** DATA EXTRACT follows **

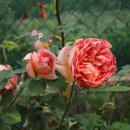 (주)정원 이미지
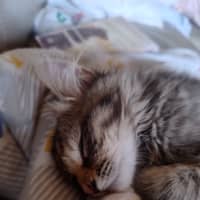 Photo of Cookie And Marmalade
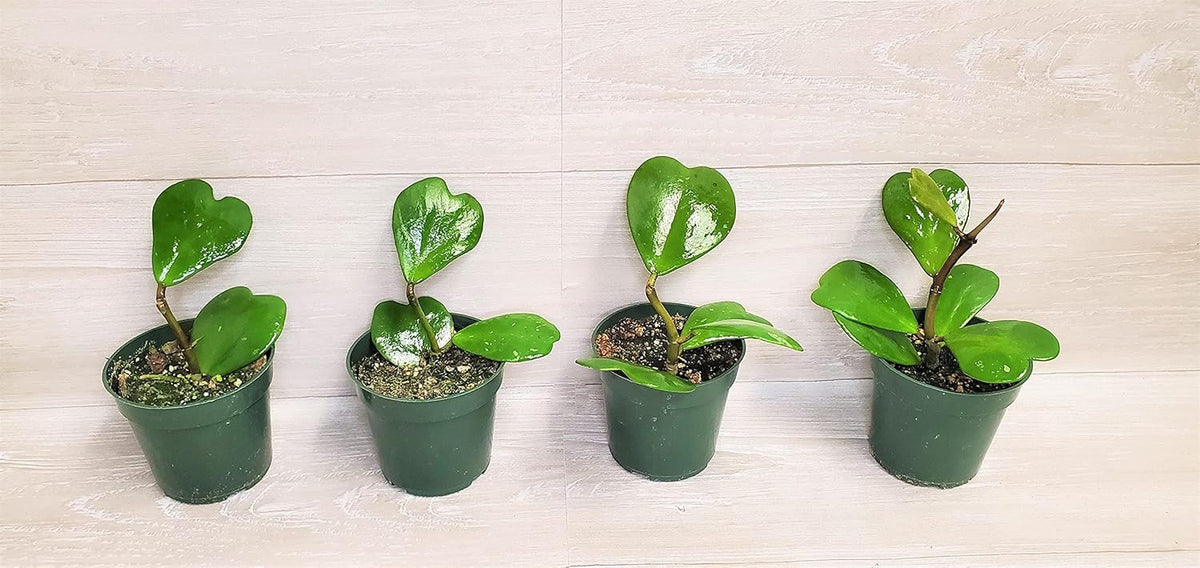 4" Live House Plants I8725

** End of DATA EXTRACT **

ACTIVITY: Set down exactly the lines between the one with "Photo of Cookie And Marmalade" and the last line of the material above, both included, but none of the pictures.

WRITTEN SOLUTION:
 Photo of Cookie And Marmalade
 4" Live House Plants I8725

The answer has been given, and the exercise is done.